4.2. Novel Perspectives and Future Drugs

To further potentiate the clinical efficacy of the IL-23/IL-17 blockade, several new strategies are currently under investigation in pre-clinical and early phase clinical trials.

4.2.1. Targeting ROR-γt

ROR-γt is the key transcription factor that regulates the differentiation of the Th17 cells. Its pharmacological blockade can inhibit the Th17 maturation and modulate the expression of the Th17 gene signature, thus representing an attractive novel therapeutic strategy. Small molecules targeting ROR-γt have shown interesting effects in in vivo models of Ps-like inflammation induced by the Toll-Like-Receptor (TLR) 7/8 agonist Imiquimod [133]. Future investigations and clinical trials will help to understand the potential benefits and safety of the ROR-γt-blockade in patients with Ps and PsA.

4.2.2. Targeting JAK/STAT

The JAK/STAT system is involved at different levels of the IL-23/IL-17 signalling pathway; for example, the receptors of both IL-22 and IL-23 rely on JAK to initiate the downstream signalling into the cells and utilise mainly STAT3 to govern the Th17 effector responses. Recently, Welsch et al. extensively reviewed the existing literature about the small molecules designed to target this pathway [134]. In pre-clinical studies involving synovial tissue from PsA patients, tofacitinib, a JAK1/3 inhibitor, has been shown to be able to down-regulate the secretion of pro-inflammatory cytokines, thus limiting the inflammation within the synovium [135].

Phase I to III clinical trials are investigating the role of JAK inhibitors in the treatment of Ps and PsA; tofacitinib, for instance, has been proved to be significantly more effective than placebo in PsA patients non-responders to conventional synthetic DMARDs [136].

4.2.3. Targeting Multiple Cytokines and Novel Anti-Inflammatory Pathways

A simultaneous targeting of both the Th17-associated and non-associated inflammatory cytokines could represent another possible winning strategy to improve the treatment of skin and joint inflammation in Ps and PsA. For instance, bispecific monoclonal antibodies recognising IL-17A and IL-1β have been recently tested by Li and colleagues and showed to be effective to ameliorate the outcome of animal models of arthritis [137] while human studies are underway.
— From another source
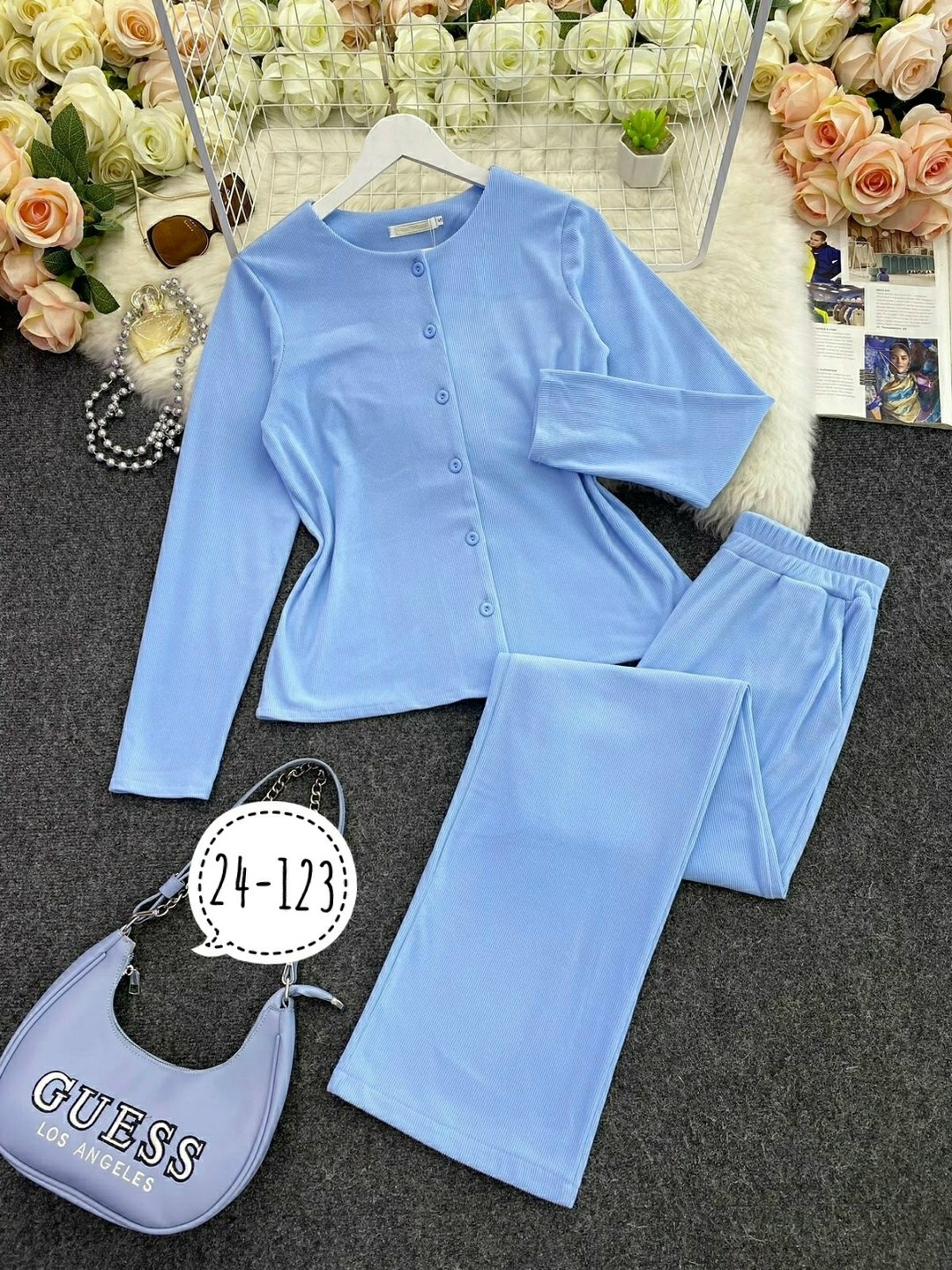 костюмы женские один,костюмы женские брючные,трикотажные костюмы,женские костюмы,костюм с брюками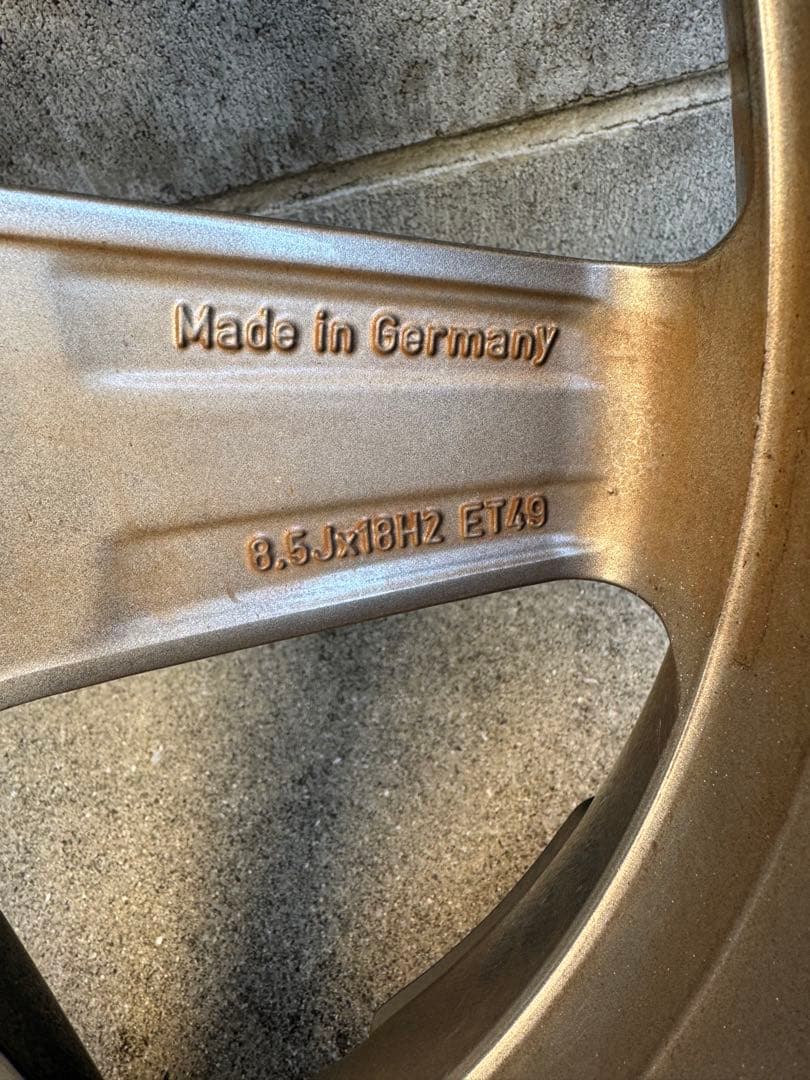 225/45R18 AMG w205の純正品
Finally, over the last few years, novel critical antagonists of the IL-1 family, namely IL-37 and IL-38, have been discovered. These cytokines mediate immunosuppressive effects in in vivo models of skin [138] and joint inflammation [139,140] by potentially reducing the expression of the Th17-associated cytokines [141] and attenuate the inflammation triggered by IL-1, IL-18, IL-36 and TLR-agonists [142,143]. Overall, exploiting the IL-37/IL-38 pathway could represent an innovative therapeutic strategy for controlling inflammation in Ps and PsA.

5. Conclusions

The IL-23/IL-17 axis plays an undoubtedly critical role in the development of both the cutaneous and the articular clinical manifestations associated to psoriasis. Nevertheless, tissue-specific differences in the activation and expression of this pathway have been highlighted by genetic and histologic studies comparing psoriatic skin and synovium. Consistently, the diversified rates of response to the IL-23/IL-17 blockade observed in skin and joints further sustain a clinical significance of this divergence in the expression of the Th17-associated cytokines.

The number of the biologic agents targeting the IL-23/IL-17 is continuously growing, and plenty of new molecules antagonising alternative pathways are currently under investigations in pre-clinical studies too. Conceivably, the armamentarium for treating Ps and PsA will soon include several new weapons and, therefore, the research of valuable predictors of response to alternative therapeutic strategies will be of critical importance.